WHAT THE TASK REQUIRES:
Below are some entries. Count how many of their lines include "with", then give that number only.

++++ EXERCISE DATA ++++

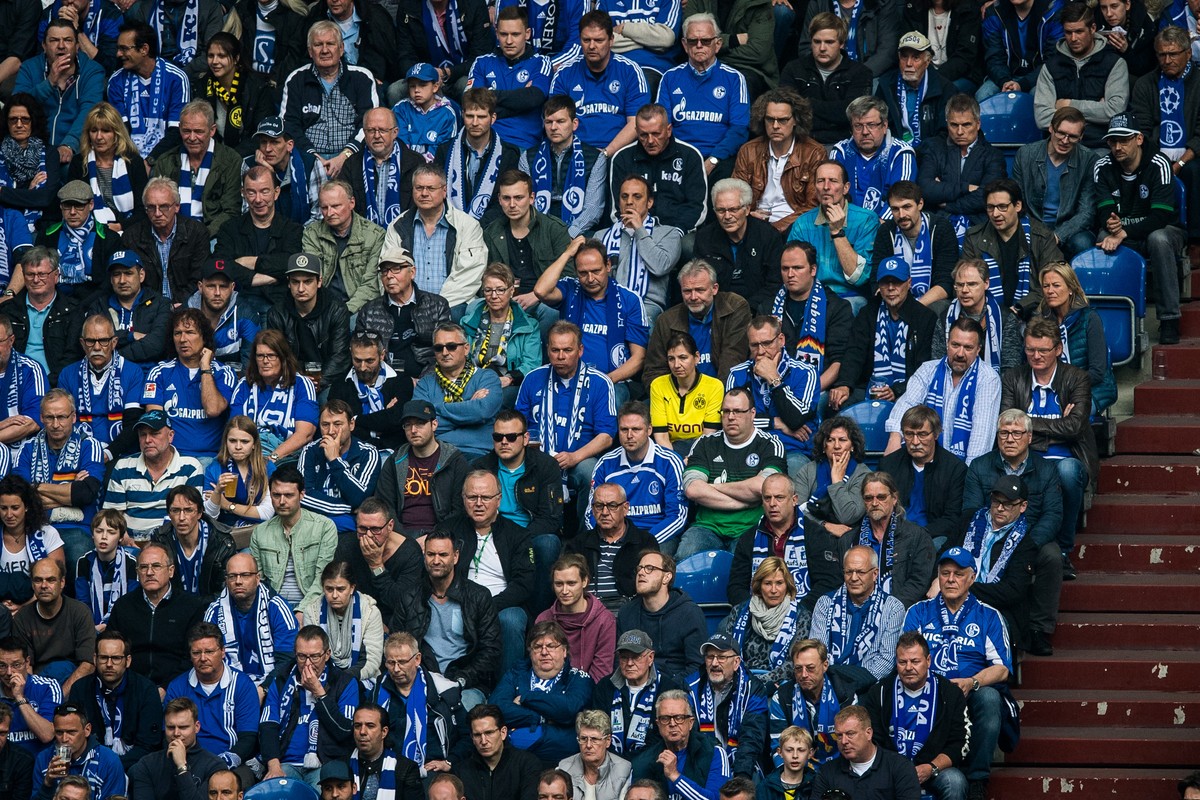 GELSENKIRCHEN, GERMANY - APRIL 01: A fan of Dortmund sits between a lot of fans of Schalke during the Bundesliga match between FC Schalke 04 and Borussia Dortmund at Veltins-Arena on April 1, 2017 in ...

++++
++++ EXERCISE DATA ++++

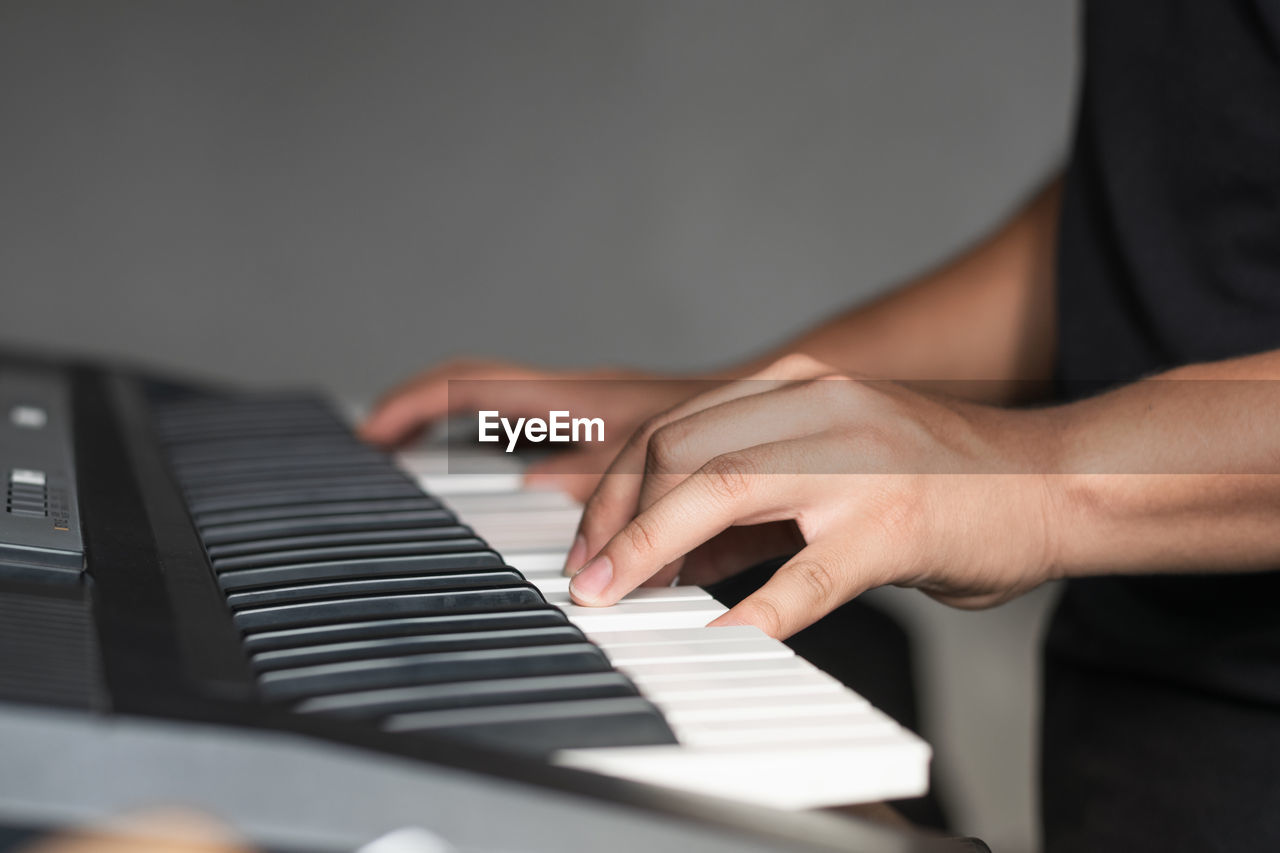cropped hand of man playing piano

++++
++++ EXERCISE DATA ++++

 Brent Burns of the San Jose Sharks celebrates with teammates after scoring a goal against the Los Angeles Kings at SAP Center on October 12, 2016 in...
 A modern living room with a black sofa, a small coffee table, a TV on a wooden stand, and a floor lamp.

++++

ANSWER BOX:
2